第4話


 仕方なく、眞子とのことを打ち明けた。


「――お前の母さんと結婚する前の話だ。2年ぐらい付き合ってた。大学時代に六本木のスナックでアルバイトしてる時に出会って――」


「どうしてその人と結婚しなかったの?」


 また、嫌味かよ。……ったく。隆雄は腹の中で舌打ちした。


「……他に好きな人ができて」


「それが母さん?」


「ああ……いや」


 どこまで追及する気だ。
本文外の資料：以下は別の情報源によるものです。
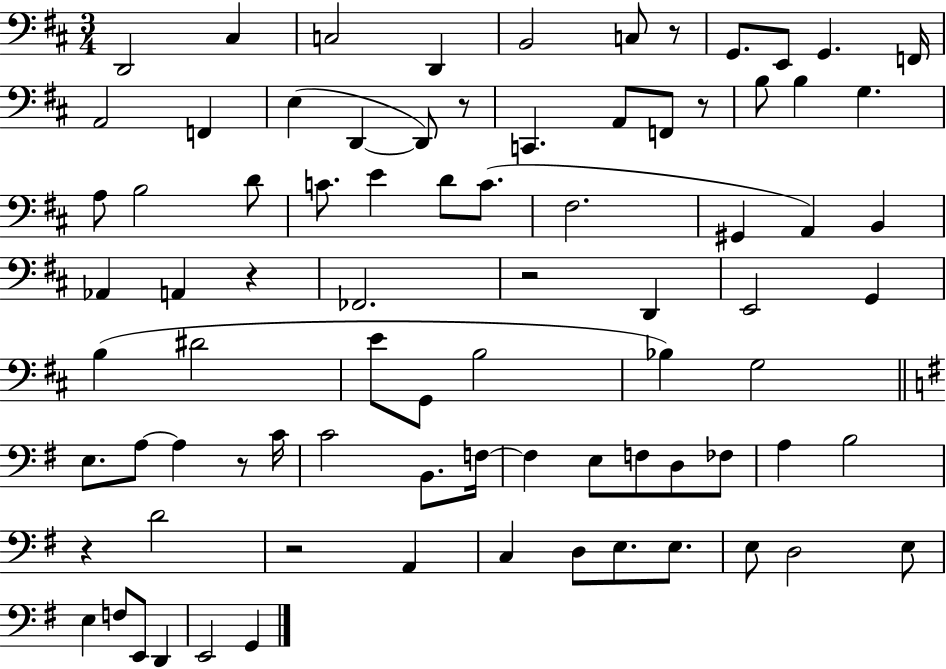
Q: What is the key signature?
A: D major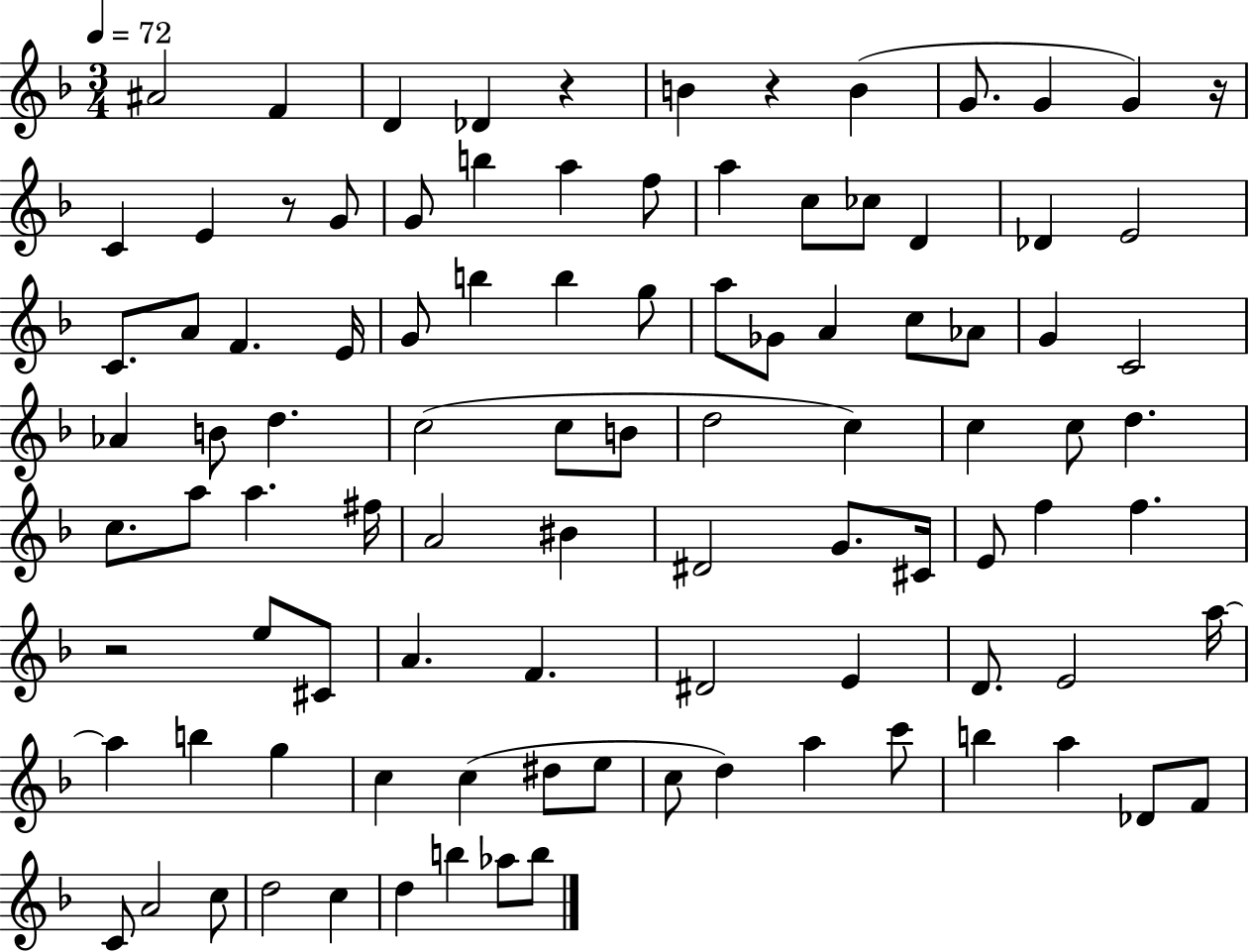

昔の話じゃないか。


「お母さんとは何番目に知り合ったの?」


 刑事に取り調べられてるみたいだった。


「んと、……次の次の次かな」


「お母さんと会う前に、誰かさんと結婚してたら、私はこの世に生まれてなかったわけだ」


 容赦ようしゃなかった。


「……お前をこの世に授けてほしかったからお母さんと結婚したんだろ?」


 口から出任せにしては、我ながら惚れ惚れする台詞せりふじゃん。隆雄は自画自賛した。


「……ホントに?」


 ほら、友季子の機嫌が直ったじゃん。やりーっ。


「ああ、ホントさ」


 父親としての威厳をキープできたかも。クッ。隆雄は安堵あんどした。


「……お父さん」


 和らいだ表情で友季子が見た。


「あいよ。さて、夕食は新宿でして、そろそろ家に帰るか」


「ダメだよ、まだ。もっとかせごう」


 なんだよ、さっきのしおらしさは。一瞬にして、本来のじゃじゃ馬に戻るんだから。別れたお前の母さんとそっくりだ。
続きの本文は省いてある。